Where, in a civil action, defendants appeared for two hearings on damages and filed motions seeking to disqualify counsel, to stay discovery, and to remove a default, a claim that the judgment in favor of the plaintiff was void for lack of personal jurisdiction was without merit. [422-423]
A plaintiff, a limited partner, had standing to bring an action against general partners of a firm asserting claims in which the plaintiff had a direct individual interest ; moreover, the issue of the plaintiff's standing could not properly he raised for the first time in a motion under Mass.R. Civ.P. 60(b) [423-424].
There was no merit to a claim of a defendant in a civil action that his asserted incapacity to comply with court orders (which had resulted in a default) warranted the allowance of a motion under Mass.R.Civ.P. 60(b), filed almost three years after entry of judgment, to vacate the judgment. [424-426]
There was no abuse of discretion in a judge's denial of a motion to vacate default judgment brought under Mass.R.Civ.P. 60(b)(6) that was untimely and that presented no extraordinary circumstances as would warrant relief. 

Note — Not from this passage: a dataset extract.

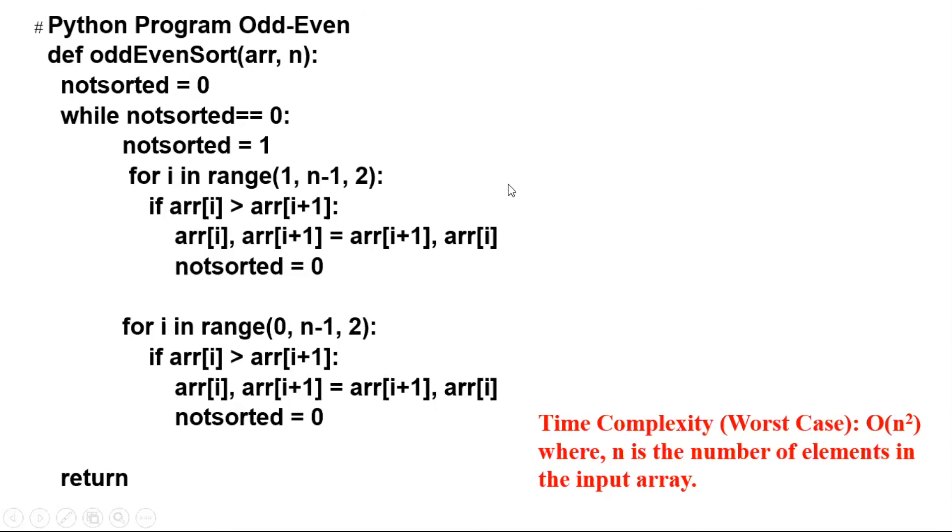But if the array is sorted, it can be much less than n squared. And this is one advantage of odd-even sort over the bubble sort.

CIVIL ACTION commenced in the Superior Court Department on December 13, 1993.
A motion to vacate default judgment was heard by Daniel A.Ford, J.
Dennis J. Kelly for the defendants. Saul L Benowitz for the plaintiff.
DREBEN, J. In December, 1993, the plaintiff, a limited partner of Royal Capital Partners, L.P., brought an action against the
general partners of the firm, Neal Ochsner and Royal Capital Corporation, a Delaware corporation [Note 2], alleging, among other matters, a breach of fiduciary duties, including a failure to give the plaintiff the accountings and the distributions to which he was entitled. Judgment entered for the plaintiff on January 13, 1995. By motion under Mass.R.Civ.P. 60(b)(4), or, in the alternative, under 60(b)(6) [Note 3],' 365 Mass. 829 (1974), filed on December 17, 1997, almost three years after the entry of judgment for the plaintiff, the defendants attacked the judgment as being void because "the court from which it issue[d] lacked jurisdiction over the parties, lacked jurisdiction over the subject matter, [and] failed to provide due process of law." Harris v. Sannella, 400 Mass. 392 , 395 (1987). We affirm the denial of the motion as none of these claims has merit.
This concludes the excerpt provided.